A.Perbedaan cara pengajaran Al-qur’an dan Hadits
Al-qur’an dan Hadits adalah sama-sama
dasar pedoman hukum Islam yang mana keduanya memiliki banyak perbedaan, oleh
karena itu cara pengajaran dalam Al-qur’an dan hadits juga berbeda. Adapun
diantaranya adalah :
1. pengajar Al-qur’an tidak disyaratkan
adanya ijazah dari seorang guru, walaupun orang tersebut mahir dan pandai
didalam mengajarkan Al-qur’an dengan usahanya sendiri yakni tanpa adanya
bimbingan dari seorang guru, maka orang tersebut boleh mengajarkan Al-qur’an.
Sedangkan Hadits disyaratkan untuk adanya ijazah dari seorang guru jikalau
seseorang itu ingin mengajarkan sebuah hadits kepada orang lain, jadi tidak
boleh seseorang mengajarkan Hadits tanpa adanya ijazah dari seorang guru.
2. Pengajaran Al-qur’an tidak
disyaratkan adanya rawi dalam mengajarkan atau membacakan surah-surah atau
ayat-ayat dalam Al-qur’an disebabkan keotentikan daripada Al-qur’an itu sendiri
jadi tidak ada kehawatiran akan adanya kesalahan tulisan atau lafadz dalam
surah atau ayat Al-qur’an sebagaimana firman Allah dalam surah Al-Hijr ayat 9 :
انا نحن نزلنا الذكر وانا له لحا فظون
Sedangkan dalam Hadits
disyaratkan adanya rawi ketika seseorang ingin mengajarkan atau membacakan
sebuah Hadits kepada orang lain, jadi walaupun orang tersebut sudah mendapatkan
ijazah untuk membacakan atau mengajarkan suatu Hadits tapi tanpa menyebutkan
rawinya maka tidak sah, disebabkan ketakutan atau kehawatiran terjadinya suatu yang
bukan Hadits tetapi dianggap Hadits atau mengatasnamakan sesuatu yang tidak
pernah dikatakan oleh Nabi atas nama Nabi karena tidak adanya suatu keterangan
atau kejelasan bahwa Hadits itu terjaga keotentikannya sebagaimana Al-qur’an.
B. Ijazah dalam
pengajaran Al-qur’an
Mempelajari
Al-Quran termasuk cara membacanya memang tak semudah membalikkan telapak
tangan. Untuk mendapatkan hasil yang diharapkan, dibutuhkan seorang guru khusus
yang benar-benar mempunyai kemampuan dan otoritas (ijazah) pengajaran Al-Quran.
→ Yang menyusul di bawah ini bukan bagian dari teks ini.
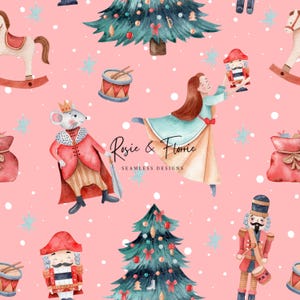 Può includere: Illustrazione ad acquerello di un motivo natalizio senza cuciture su sfondo rosa. Il design presenta un albero di Natale, una ballerina, uno schiaccianoci, un re topo, un cavallo a dondolo e un tamburo. È incluso anche il testo "Rosie & Florie Seamless Designs".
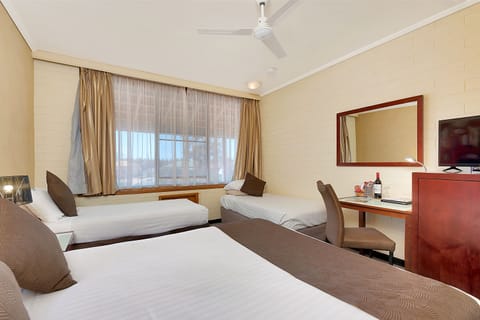 Deluxe Family Room | Premium bedding, minibar, in-room safe, desk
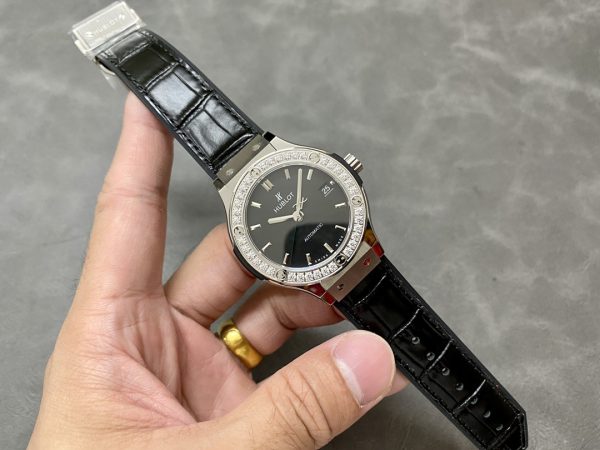 Hublot Classic Fusion 565.nx.1470.lr.1204 38mm – Image 6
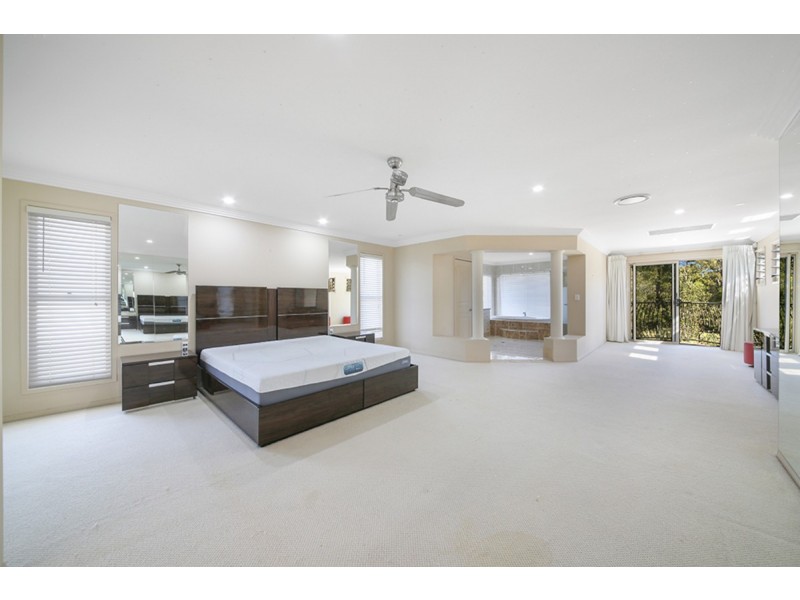 92 Arun Drive, Arundel QLD 4214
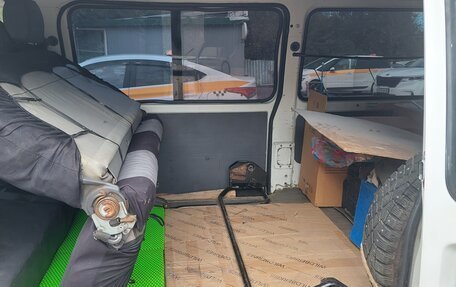 Mazda Bongo IV, 2000 год, 450 000 рублей, 8 фотография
Sebab proses pembelajaran Al-Quran menyaratkan adanya talaqqi (pertemuan guru –
murid secara langsung) dalam prosesnya.
Sebab para
ulama ahlul Quran meyakini, satu-satunya orang yang bisa membaca Al-Quran
dengan fasih dan memahami isinya dengan benar adalah Rasulullah SAW yang
mendapat pengajaran langsung dari malaikat Jibril. Sementara tingkat kebenaran
bacaan orang-orang selain Rasulullah paling bagus hanya mendekati kefasihan
beliau saja. Itu pun jumlahnya tidak banyak. Pengakuan akan ketepatan cara
membaca Al-Quran tersebut harus mendapat pengakuan dari Rasulullah SAW.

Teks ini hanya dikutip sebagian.